**Work item**. Reproduce from the records below, with no pictures, exactly the lines between the one containing "Black and White" and the one containing "Wanfu Metal Storage", inclusive.

**Exercise data**.
- - -

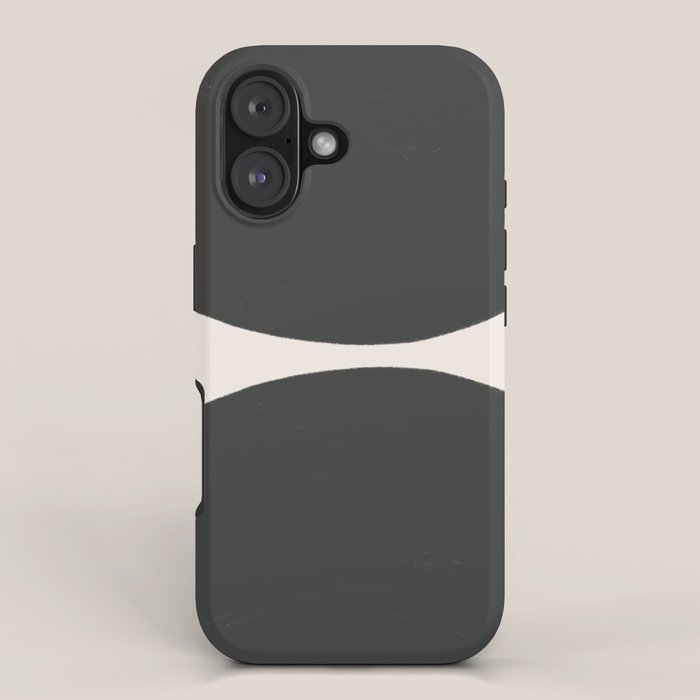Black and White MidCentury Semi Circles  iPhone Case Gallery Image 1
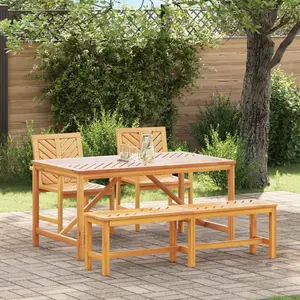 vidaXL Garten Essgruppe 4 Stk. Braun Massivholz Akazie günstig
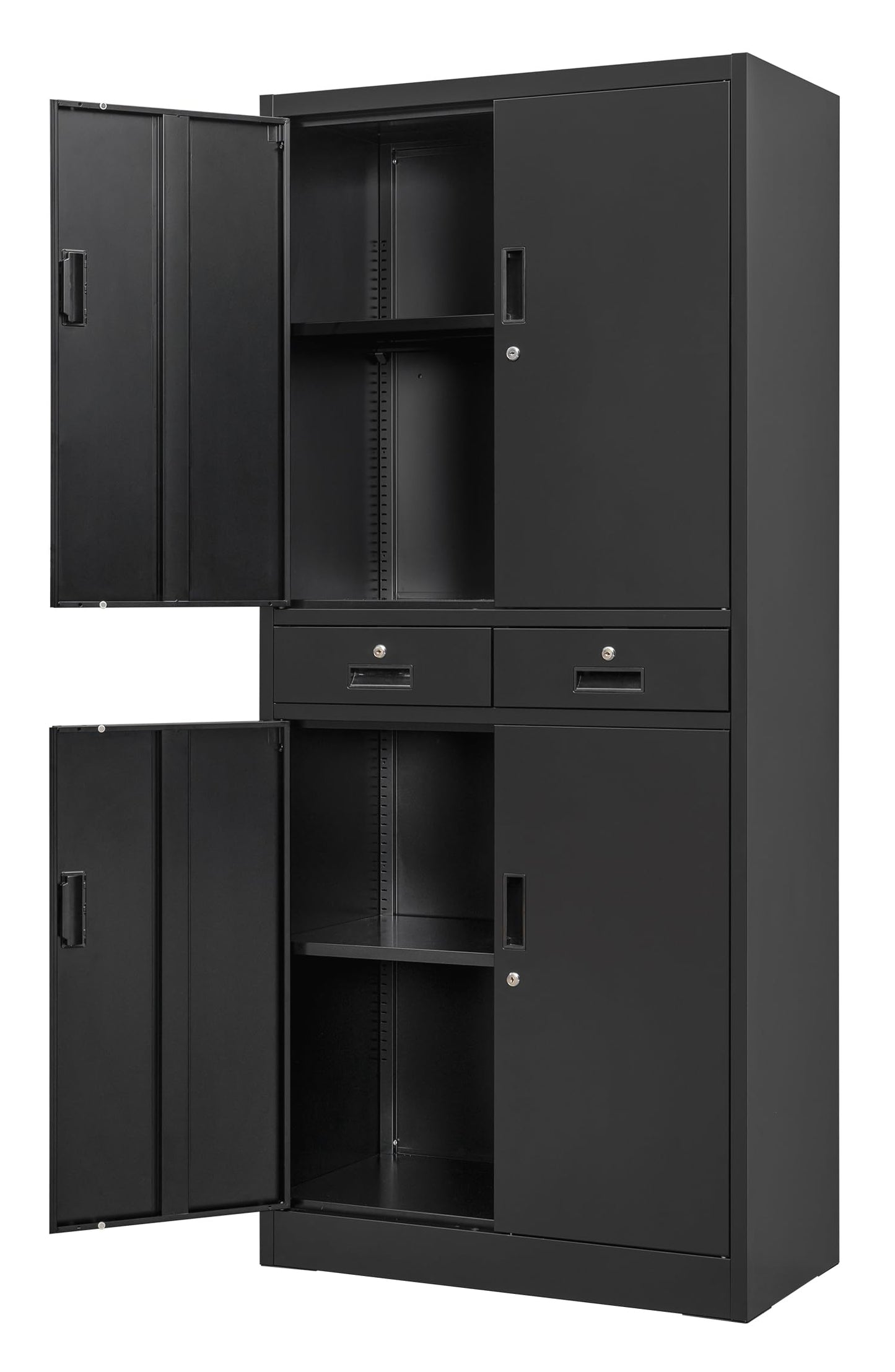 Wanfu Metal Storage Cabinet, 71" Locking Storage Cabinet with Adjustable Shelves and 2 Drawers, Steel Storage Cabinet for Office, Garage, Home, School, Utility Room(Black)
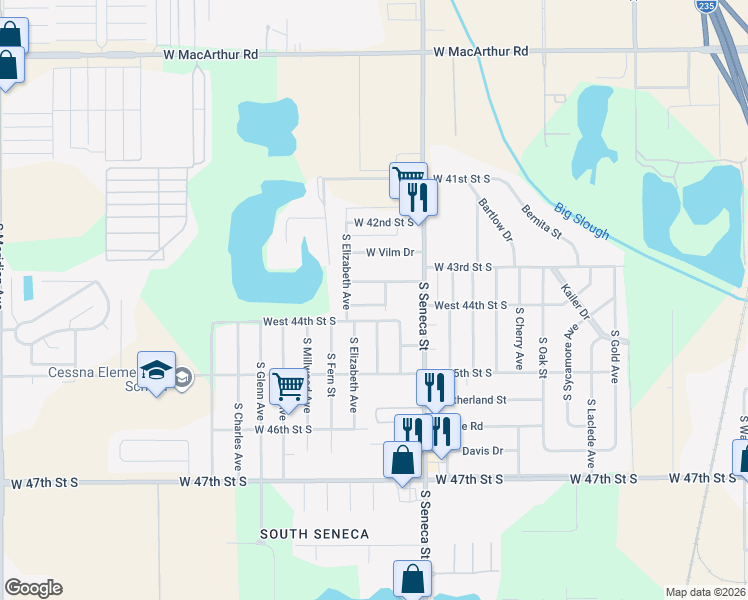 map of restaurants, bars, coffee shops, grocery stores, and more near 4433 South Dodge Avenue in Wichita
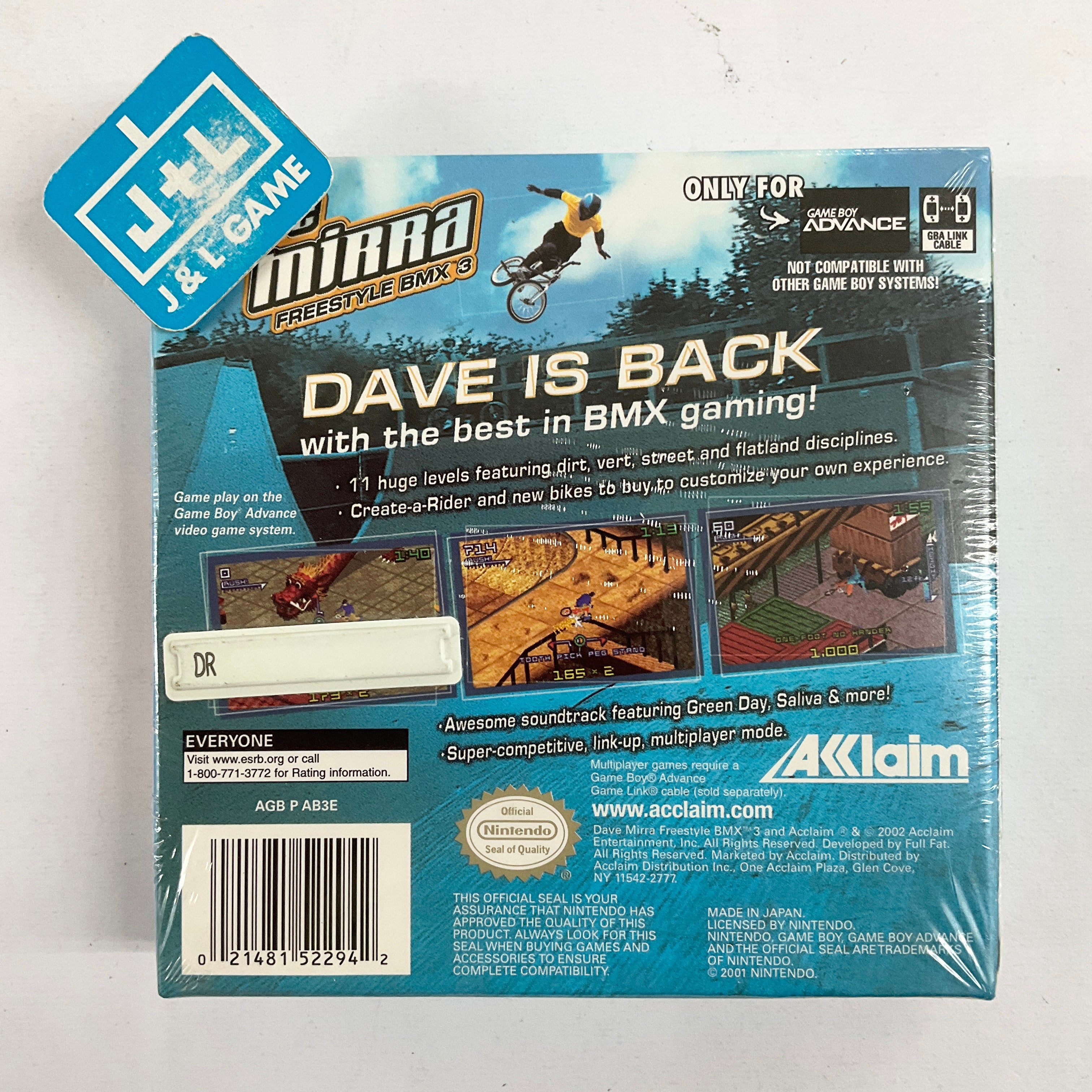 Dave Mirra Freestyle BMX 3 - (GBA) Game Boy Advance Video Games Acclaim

- - -

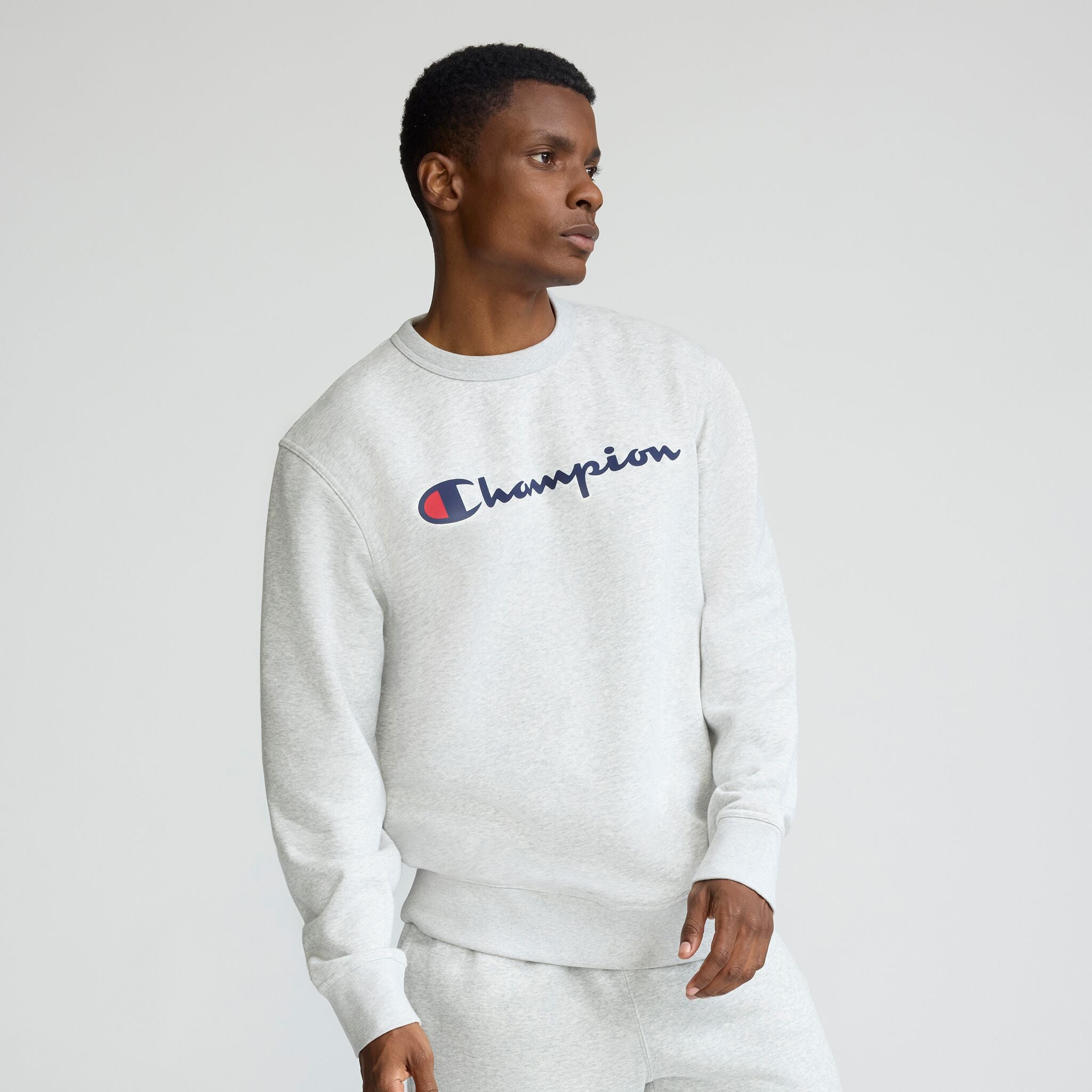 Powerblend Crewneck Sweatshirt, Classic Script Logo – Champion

- - -

**Result below**.
Black and White MidCentury Semi Circles  iPhone Case Gallery Image 1
 vidaXL Garten Essgruppe 4 Stk. Braun Massivholz Akazie günstig
 Wanfu Metal Storage Cabinet, 71" Locking Storage Cabinet with Adjustable Shelves and 2 Drawers, Steel Storage Cabinet for Office, Garage, Home, School, Utility Room(Black)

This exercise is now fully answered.